#### What you have to do:
Look at the data below and print exactly the lines from its first line through the line with "Природные пожары привлекли"; the pictures stay out of the copy.

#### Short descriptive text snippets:

»»

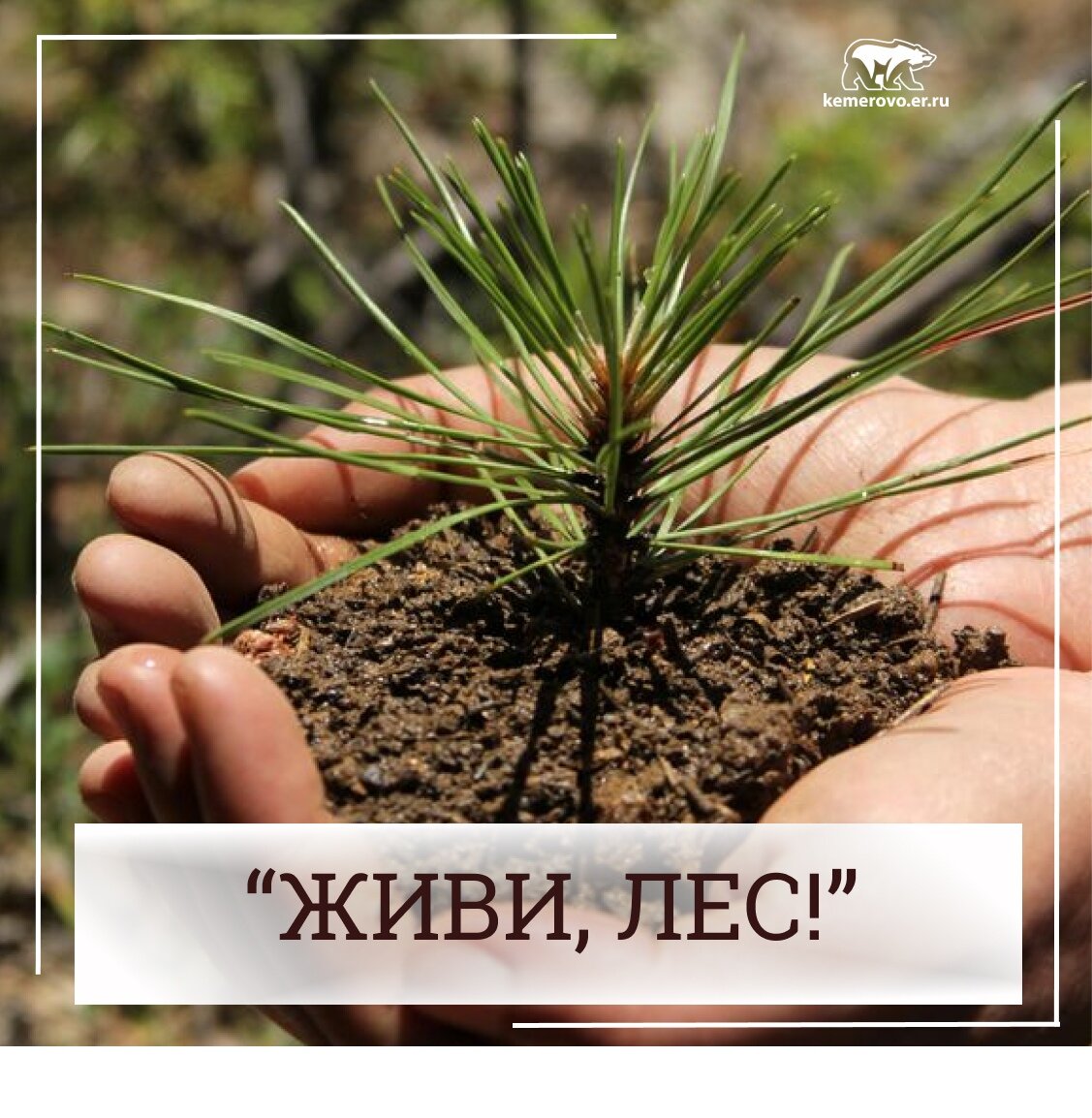 Лесные пожары этого года никого не оставили равнодушным.  ⠀⠀
Города "задыхались" от дыма.
Только в Сибири выгорело более 3 млн га леса.⠀⠀
Как горел сибирский лес было видно из космоса.
Вместе с деревьями гибла и фауна — от насекомых до крупных животных.
⠀
Природные пожары привлекли внимание к проблеме восстановления лесов. ⠀⠀
Дать жизнь новому лесу - стало главной целью Всероссийской экологической акции.⠀
Акция "Живи, лес!" объединила в эту осеннюю пору жителей Кузбасса.
Активисты Ленинск-Кузнецкого района высадили 2 200 саженцев деревьев и кустарников.⠀⠀
Партийцы и общественники Прокопьевска - высадили 50 молодых деревьев.⠀
Зеленый наряд города Мыски пополнился 780 саженцами берез, рябин, елей и сирени.⠀
В Ленинск-Кузнецком городском округе⠀было высажено около 800 деревьев и кустарников.⠀
В Беловском районе- 75 саженцев яблонь и рябины, 120 кустов декоративных растений (гортензию, флоксы, спирею, жасмин), 60 саженцев сосны, 20 хвойных деревьев.
Тайга пополнила парк 24 липами.⠀
Вся Россия делает одно большое и нужное дело для общества и для природы.
Акция продлится до конца октября.
Так что ставь лайк всем участникам и присоединяйся!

««

#### Solution to this problem:
 Лесные пожары этого года никого не оставили равнодушным.  ⠀⠀
Города "задыхались" от дыма.
Только в Сибири выгорело более 3 млн га леса.⠀⠀
Как горел сибирский лес было видно из космоса.
Вместе с деревьями гибла и фауна — от насекомых до крупных животных.
⠀
Природные пожары привлекли внимание к проблеме восстановления лесов. ⠀⠀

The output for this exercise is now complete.